The same team of cybersecurity researchers who discovered several severe vulnerabilities, collectively dubbed as Dragonblood, in the newly launched WPA3 WiFi security standard few months ago has now uncovered two more flaws that could allow attackers to hack WiFi passwords.
WPA, or WiFi Protected Access, is a WiFi security standard that has been designed to authenticate wireless devices using the Advanced Encryption Standard (AES) protocol and intended to prevent hackers from eavesdropping on your wireless data.
The WiFi Protected Access III (WPA3) protocol was launched a year ago in an attempt to address technical shortcomings of the WPA2 protocol from the ground, which has long been considered to be insecure and found vulnerable to more severe KRACK attacks.
WPA3 relies on a more secure handshake, called SAE (Simultaneous Authentication of Equals), which is also known as Dragonfly, that aims to protect WiFi networks against offline dictionary attacks.
However, in less than a year, security researchers Mathy Vanhoef and Eyal Ronen found several weaknesses (Dragonblood) in the early implementation of WPA3, allowing an attacker to recover WiFi passwords by abusing timing or cache-based side-channel leaks.
Shortly after that disclosure, the WiFi Alliance, the non-profit organization which oversees the adoption of the WiFi standard, released patches to address the issues and created security recommendations to mitigate the initial Dragonblood attacks.
But it turns out that those security recommendations, which were created privately without collaborating with the researchers, are not enough to protect users against the Dragonblood attacks. Instead, it opens up two new side-channel attacks, which once again allows attackers to steal your WiFi password even if you are using the latest version of WiFi protocol.

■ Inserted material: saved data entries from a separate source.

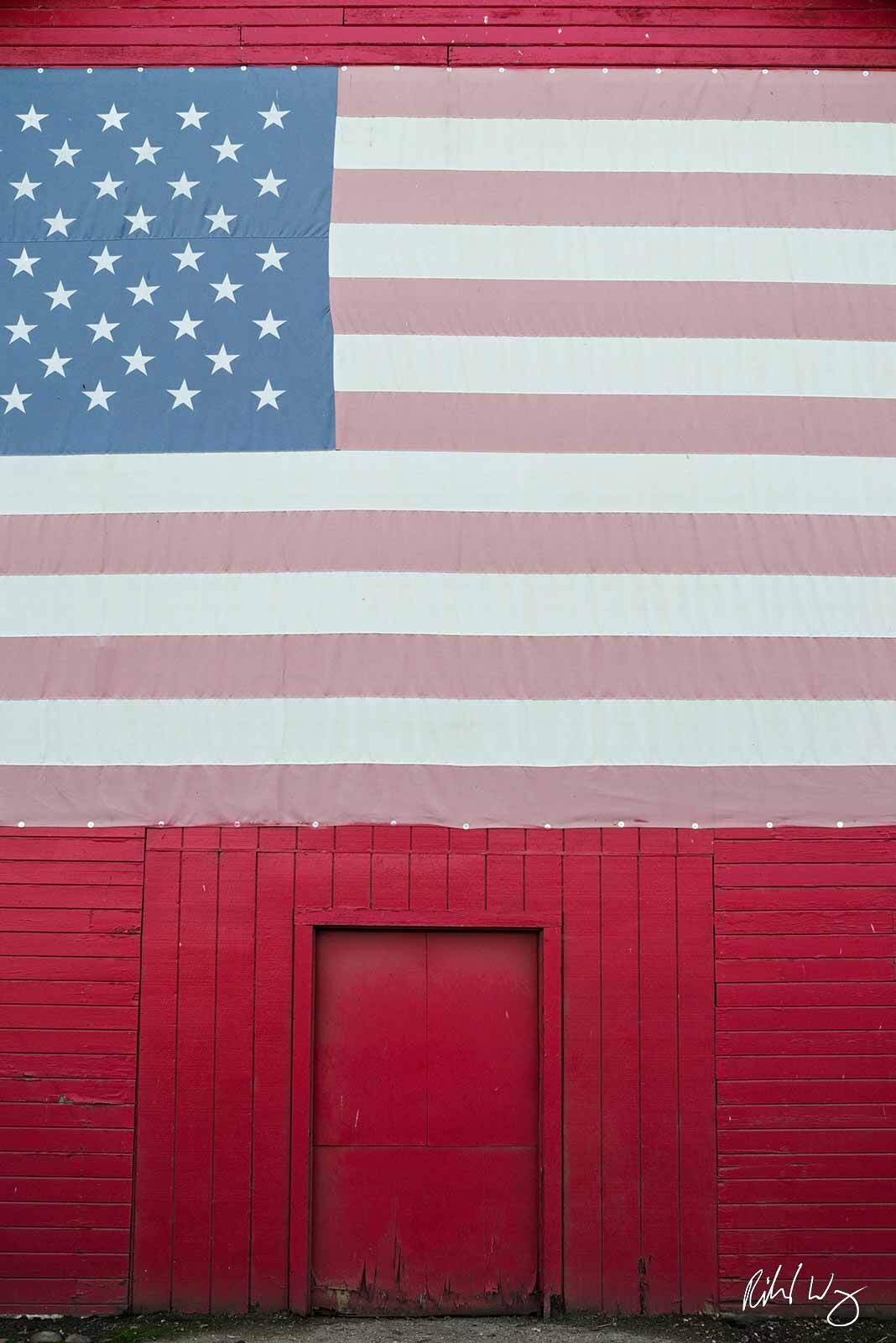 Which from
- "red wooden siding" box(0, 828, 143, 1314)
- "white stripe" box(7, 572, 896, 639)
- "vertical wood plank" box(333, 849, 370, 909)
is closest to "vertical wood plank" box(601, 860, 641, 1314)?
"vertical wood plank" box(333, 849, 370, 909)

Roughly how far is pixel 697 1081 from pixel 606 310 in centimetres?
464

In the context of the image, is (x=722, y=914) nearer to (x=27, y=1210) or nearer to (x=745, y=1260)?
(x=745, y=1260)

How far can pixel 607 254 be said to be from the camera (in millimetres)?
7969

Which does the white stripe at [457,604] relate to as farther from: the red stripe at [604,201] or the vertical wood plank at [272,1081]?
the red stripe at [604,201]

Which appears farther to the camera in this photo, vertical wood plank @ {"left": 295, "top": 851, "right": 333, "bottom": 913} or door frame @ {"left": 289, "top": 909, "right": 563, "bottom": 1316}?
vertical wood plank @ {"left": 295, "top": 851, "right": 333, "bottom": 913}

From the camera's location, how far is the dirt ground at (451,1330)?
22.3 feet

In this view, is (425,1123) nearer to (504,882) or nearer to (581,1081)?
(581,1081)

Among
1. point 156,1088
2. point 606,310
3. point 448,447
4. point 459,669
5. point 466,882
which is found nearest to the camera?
point 156,1088

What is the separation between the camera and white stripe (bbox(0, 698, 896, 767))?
745 cm

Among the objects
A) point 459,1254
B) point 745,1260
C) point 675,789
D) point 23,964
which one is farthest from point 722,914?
point 23,964

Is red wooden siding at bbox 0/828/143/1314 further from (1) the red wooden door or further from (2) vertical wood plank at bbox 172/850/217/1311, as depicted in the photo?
(1) the red wooden door

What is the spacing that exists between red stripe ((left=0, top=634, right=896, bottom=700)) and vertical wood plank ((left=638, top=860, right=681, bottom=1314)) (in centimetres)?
98

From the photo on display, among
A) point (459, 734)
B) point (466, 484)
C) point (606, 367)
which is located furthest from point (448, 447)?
point (459, 734) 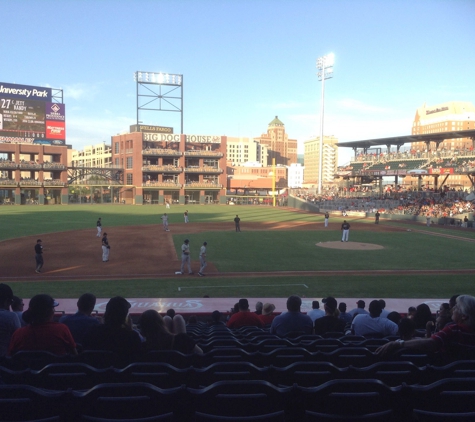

New Side-Channel Attack Against WPA3 When Using Brainpool Curves
The first vulnerability, identified as CVE-2019-13377, is a timing-based side-channel attack against WPA3’s Dragonfly handshake when using Brainpool curves, which the WiFi Alliance recommended vendors to use as the security recommendations instead of relying on the elliptic curves which could be downgraded.
“However, we found that using Brainpool curves introduces the second class of side-channel leaks in the Dragonfly handshake of WPA3,” the duo says in an updated advisory. “In other words, even if the advice of the WiFi Alliance is followed, implementations remain at risk of attacks.”
“The new side-channel leak is located in the password encoding algorithm of Dragonfly,” the researchers said, “We confirmed the new Brainpool leak in practice against the lastest Hostapd version, and were able to brute-force the password using the leaked information.”
Side-Channel Attack Against FreeRADIUS’ EAP-PWD Implementation
The second vulnerability, identified as CVE-2019-13456, is an information leak bug which resides the implementation of EAP-pwd (Extensible Authentication Protocol-Password) in FreeRADIUS—one of the most widely used open-source RADIUS server that companies utilizes as a central database to authenticate remote users.
Mathy Vanhoef, one of the two researchers who discovered the Dragonblood flaws, told The Hacker News that an attacker could initiate several EAP-pwd handshakes to leak information, which can then be used to recover the user’s WiFi password by performing dictionary and brute-force attacks.
“The EAP-pwd protocol internally uses the Dragonfly handshake, and this protocol is used in some enterprise networks where users authenticate using a username and password,” Vanhoef told The Hacker News.
“More worrisome, we found that the WiFi firmware of Cypress chips only executes 8 iterations at minimum to prevent side-channel leaks. Although this makes attacks harder, it does not prevent them.” the duo said.
According to researchers, implementing Dragonfly algorithm and WPA3 without side-channel leaks is surprisingly hard, and the backward-compatible countermeasures against these attacks are too costly for lightweight devices.
The researchers shared their new findings with the WiFi Alliance and tweeted that “WiFi standard is now being updated with proper defenses, which might lead to WPA 3.1,” but unfortunately, the new defenses wouldn’t be compatible with the initial version of WPA3.
Mathy Vanhoef also told The Hacker News that it’s unfortunate that WiFi Alliance created their security guidelines in private. “If they would have done this publicly, these new issues could have been avoided. Even the original WPA3 certification was partly made in private, which also wasn’t ideal.”